What exactly is the concern with making Waker
Send + Sync
and storing it in an Arc
? Are you concerned about performance, or does this limit the way you'd design the rest of the system in some way?
performance, or does this limit the way you'd design the rest of the system
Both, some kind of systems are not designed to support cross thread awakening of a task, some of them don't even have threads and some can't afford this because of latency restrictions. Having Waker
Send+Sync
forces them to have syncronization that wasn't there before and is actualy not required at all.
This is a nice example: http://seastar.io/shared-nothing/
Generally I think users should not pay for what they don't use.

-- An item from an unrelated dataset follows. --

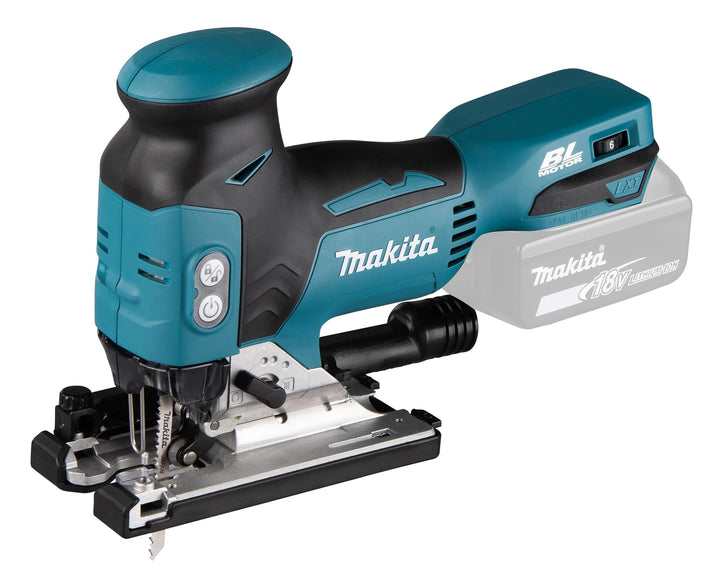 Makita DJV181Z Akku-Pendelstichsäge 18 V (Akku und Ladegerät NICHT im Lieferumfang enthalten), ohne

I'm familiar with seastar's design, and it's totally possible to write an executor like that that locks a task or set of tasks to a particular thread. However, you're right that such a system would still incur some amount of synchronization overhead from having atomic reference-counting instead of non-atomic reference counting.
When writing a Future
implementation, you need to know that you can register a Waker
with another object, possibly on a different thread. Many primitives for building multithreaded-compatible async futures and IO objects depend on this ability. It also makes it possible to run some synchronous work (such as file IO) on a threadpool and wake up a corresponding task on another thread.
If you need none of these things (no task or IO object will ever cross a thread boundary or interact with another task on a different thread), then I suppose we could enable this use case via runtime checks by getting rid of the Clone
, Send
, and Sync
impls for waker and instead offering clone_local
, clone_send
, and as_send
methods which would give you a Waker
, a SyncWaker
, or a &SyncWaker
respectively (returning an error or panicking if the underlying implementation is not threadsafe). Similarly, the Executor
trait could also offer spawn_local
methods in addition to the threadsafe ones. I think this would be an ergonomic annoyance, but if it allowed significant performance improvements it might be worth it. I'm doubtful, though, that the synchronization overhead of Arc
is really a significant bottleneck for multithreaded async programs.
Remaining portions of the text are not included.